第19話 先生から先輩へ

『あれ? 生徒の名前も把握してなかったんですか?』


 俺は名前を訊いてきた先生を少し揶揄ってみた。

 先生が「むぅ」と抗議の声が聞こえてきそうな半目を向けてくる。

 大学生の年上の女性で、いつもの講義や待機部屋にいる先生は大学生の年上の女性よろしく、落ち着いたお姉さんといった感じだったのに、今目の前にいる彼女は何だか幼く見えて可愛らしいという形容が当てはまる。

 いつもは降ろしているサラサラの髪をアップにして、上品な柄の浴衣を着ている先生はとてつもなく綺麗で、ドギマギしているのを隠す為に揶揄ったのに、これじゃミイラ取りがミイラになったようなものだ。


 揶揄った事を詫びて、改めて自分の名前を名乗った。


「月城君か。うん! 覚えたよ」


 言ってニッコリと微笑む先生の顔に心臓が激しく跳ねる。


 正直、俺は過去に抱えてしまったトラウマのせいで、今まで女は憎むべき対象でしかなかったというのに、先生の笑顔はそんな拗らせた俺の中にアッサリと入り込んできた。

 拒絶していたはずなのに、決して比喩ではなく途方もなく美しい先生の笑顔が俺の心を焦がしたのだ。


「よし! 何か食べたい物ある? 粉物とか好きかな?」


 年上口調で話しかけてくる声が、露店の灯りに照らされる先生の表情やちょっとした艶のある仕草に、俺は平静を装うだけで必死になっていて先生が訊いてきた内容が頭に入ってこない。


「おーい! 聞いてる? 月城君」

「……え、あ、はい! 聞いてます」

「ホントに~? じゃあ訊いた質問に答えてよ」

「え? えーと……」

「ほら、聞いてなかったじゃん!」

「す、すみません」


 折角の先生との祭り見物だというのに、自分から雰囲気を壊すとは我ながら馬鹿過ぎると後頭部をガシガシと掻いて謝ると、先生は仕方がないなぁと同じ質問を繰り返してくれた。

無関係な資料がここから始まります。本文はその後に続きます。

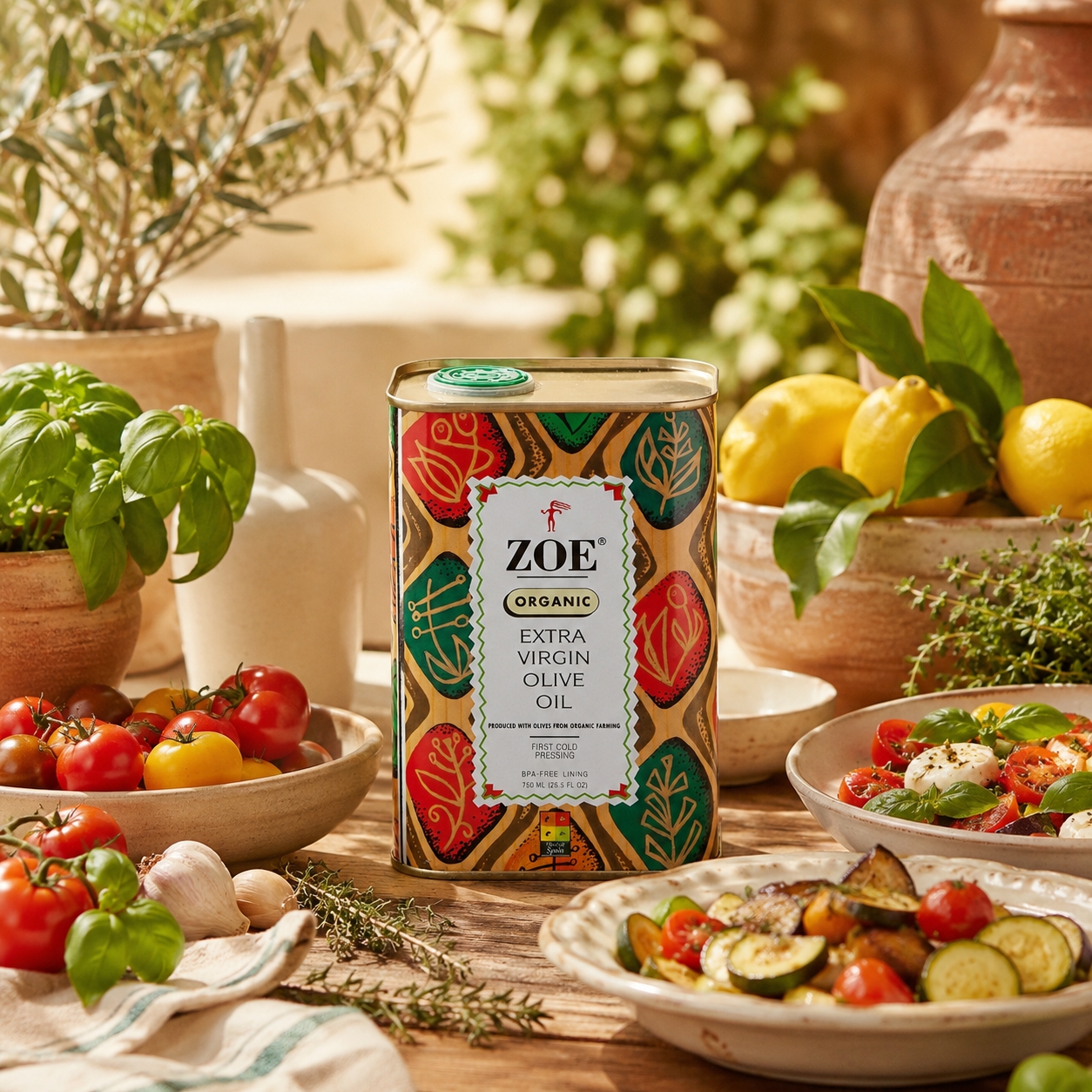 ZOE Organic EVOO 740ml tin, garden table lifestyle shot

「粉物は好きですけど、さっき晩飯食ったばかりだから甘い物とかってどうですか?」

「うん、それもいいね! それなら確かそこに――」


 食後のデザートではないがスイーツをと提案すると、先生は嬉しそうに近くにあった露店を指差そうとしたけど「……あぁ、アレはやめとこう」と違う露店に視線を向ける表情が寂しそうに見えたのは気のせいだろうか。


「あ! 暑いしかき氷とかどう? 月城君好きかな」

「いいですね。好きですよ」


「決まりだね」と先生はかき氷を売る露店に向かって下駄をカランコロンと鳴かせる。


「すみません宇治崑時1つと、月城君は何がいい?」

「えっと、それじゃあ……ブルーハワイで」


 露店の親父さんが「あいよ!」の威勢のいい声と共に透き通った綺麗な氷をふわふわの白い山に変えていく。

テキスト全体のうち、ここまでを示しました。